▸ **ACTIVITY**: The entries below should be repeated exactly, with no pictures carried over.

▸ **RECORDED INFORMATION**:

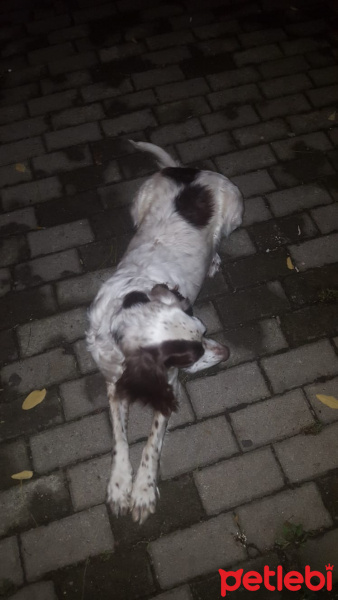 Sokö (Sokak Köpeği), Köpek  Kahve fotoğrafı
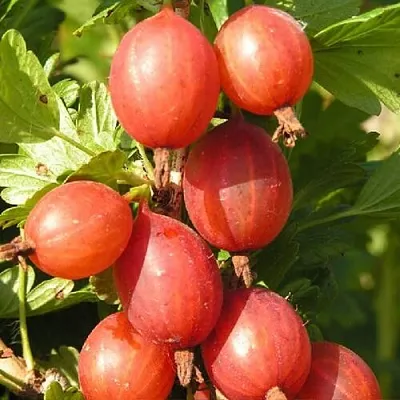 Крыжовник МАШЕКА  Крыжовник МАШЕКА в Перми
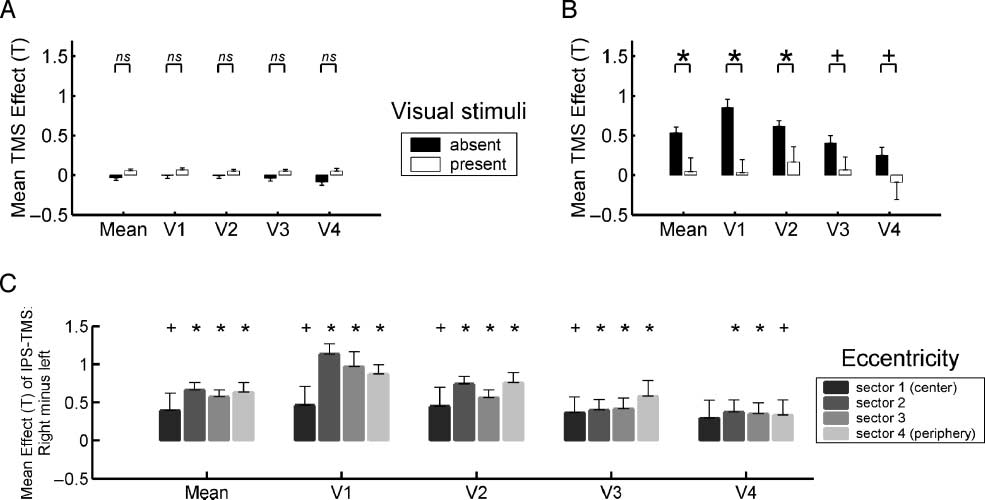 Hemispheric Differences in Frontal and Parietal image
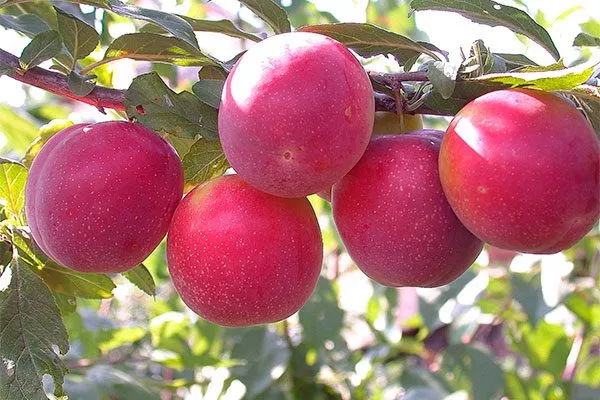 Найдена посадка алычи20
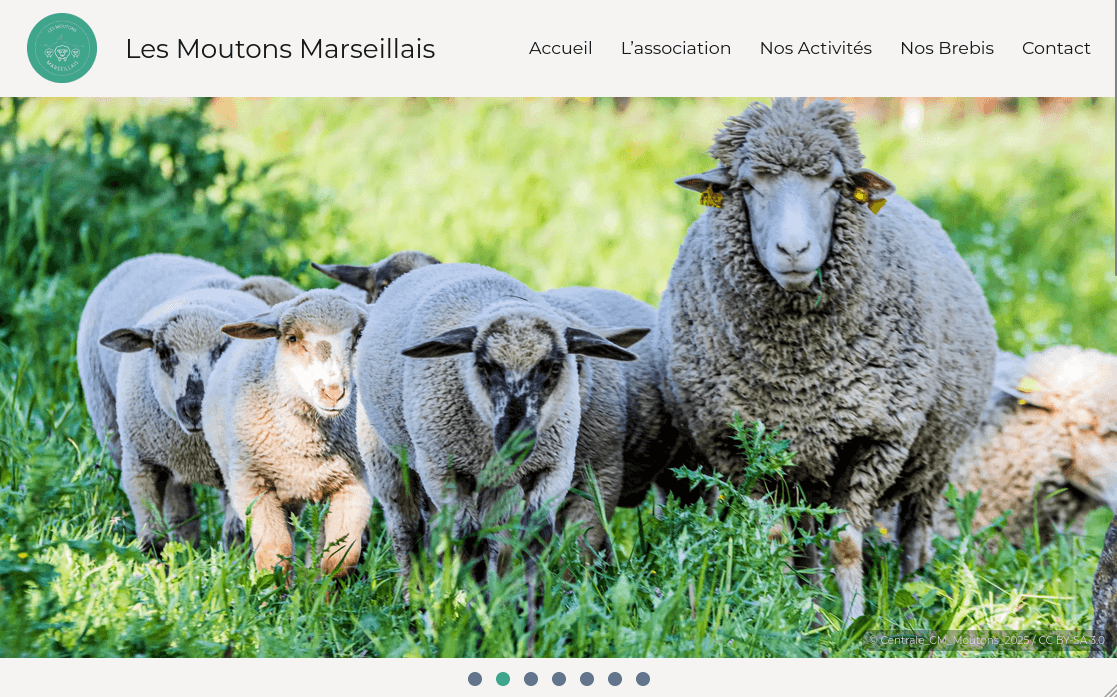 Homepage Header on the Moutons Marseillais Website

▸ **RESULT OF THIS EXERCISE**:
 Sokö (Sokak Köpeği), Köpek  Kahve fotoğrafı
 Крыжовник МАШЕКА  Крыжовник МАШЕКА в Перми
 Hemispheric Differences in Frontal and Parietal image
 Найдена посадка алычи20
 Homepage Header on the Moutons Marseillais Website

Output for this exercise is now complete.